LAPSUS was run about one hundred times for both stable and changed climate, each time with different parameter settings that were drawn randomly to reflect the uncertainty in the model. (This repeated running with random parameters is called the Monte Carlo method.) Averages and standard deviations for the one hundred model outputs were calculated and a statistical test (the T-test) was used to see if the set of one hundred outputs under stable climate differed from the set of one hundred outputs under changed climate.

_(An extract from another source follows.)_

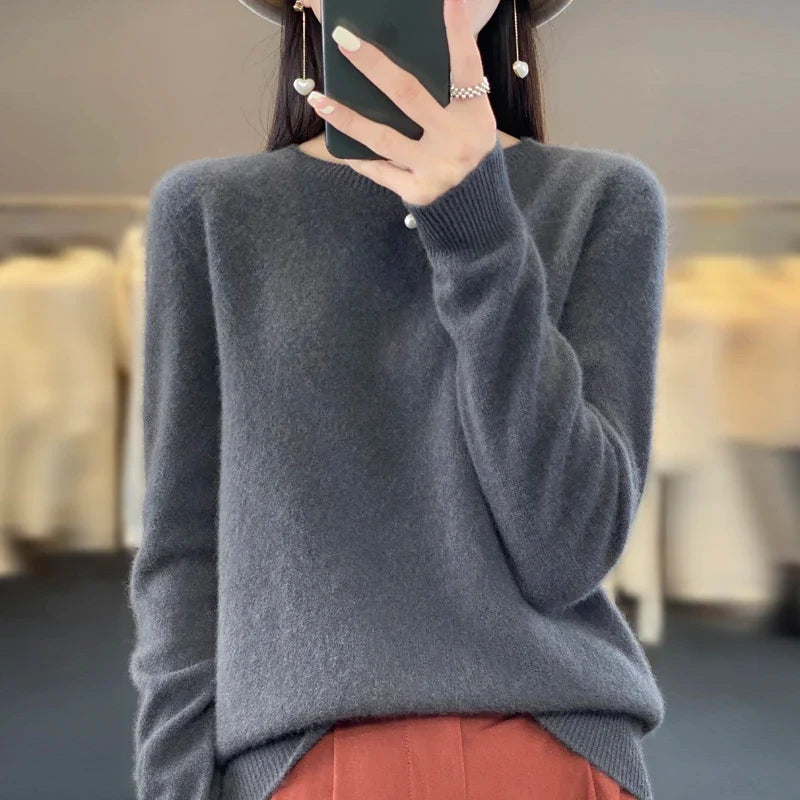 Briar - Women's Turtleneck Knit Sweater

Climate effects are statistically significant

Results showed that this difference exists. For the study area as a whole, and for seven smaller zones within it, predictions of landscape change under stable climate are statistically different from predictions of landscape change under changed climate. The probability that there was no difference in the landscape as a whole under stable and changed climate at the year 3000, was about 0.01 % . For most of the subzones, this probability was even several orders of magnitude lower (for instance one millionth of a percent--effectively zero).

Our figure shows the predicted average altitude change for the study site between the year 2000 and the year 3000. Erosion is more widespread under changed climate (left) than under stable climate (right), although erosion on the steeper slopes decreases. Redeposition in the flat, low areas also increases under changed climate, although not in all positions.

For this study site, LEM LAPSUS is apparently well able to make statistically different predictions for stable and changed climate at the year 3000. However, we obviously also have an keen interest in changes in the nearer future, let's say up until the year 2100. With landscapes under stable and changed climate diverging into the future, it is to be expected that it is more difficult for LEMs to make statistically different predictions at the shorter term.

A repeat study with LAPSUS indicated that this increased difficulty exists, but only to a small degree. For instance, at the year 2100, the probability that there is no difference between landscape change under stable and changed climate is still less than 0.1% for the study area as a whole and the seven subzones. The pattern of predicted change remains the same: also at the year 2100, erosion is more active under changed climate.

This study shows that even though our predictions of future landscape change are made with uncertain models, we can use simple statistical methods to assess how sure we are of different landscape activity under predicted changed climate. A major requirement for such studies is the availability of data on landscape change (erosion, deposition, weathering rates) from the past. When such data are available, our models can be calibrated in the past to predict for the future. For the study site in South Africa, which is currently struggling with strong erosion, the message is not positive: stronger erosion is likely under predicted future climate change.

Associated References

  • Brasington, J. and Richards, K., 2007. Reduced-complexity, physically-based geomorphological modelling for catchment and river management. Geomorphology, 90(3-4): 171-177.
  • Coulthard, T.J., 2001. Landscape evolution models: a software review. Hydrological Processes, 15(1): 165-173.
  • Schoorl, J.M., Sonneveld, M.P.W. and Veldkamp, A., 2000. Three-dimensional landscape process modelling: The effect of DEM resolution. Earth Surface Processes and Landforms, 25(9): 1025-1034.
  • Temme, A.J.A.M. and Veldkamp, A., 2009. Multi-process Late Quaternary landscape evolution modelling reveals lags in climate response over small spatial scales. Earth Surface Processes and Landforms, 34(4): 573-589.
  • Van de Wiel, M.J., Coulthard, T.J., Macklin, M.G. and Lewin, J., 2007. Embedding reach-scale fluvial dynamics within the CAESAR cellular automaton landscape evolution model. Geomorphology, 90(3-4): 283-301.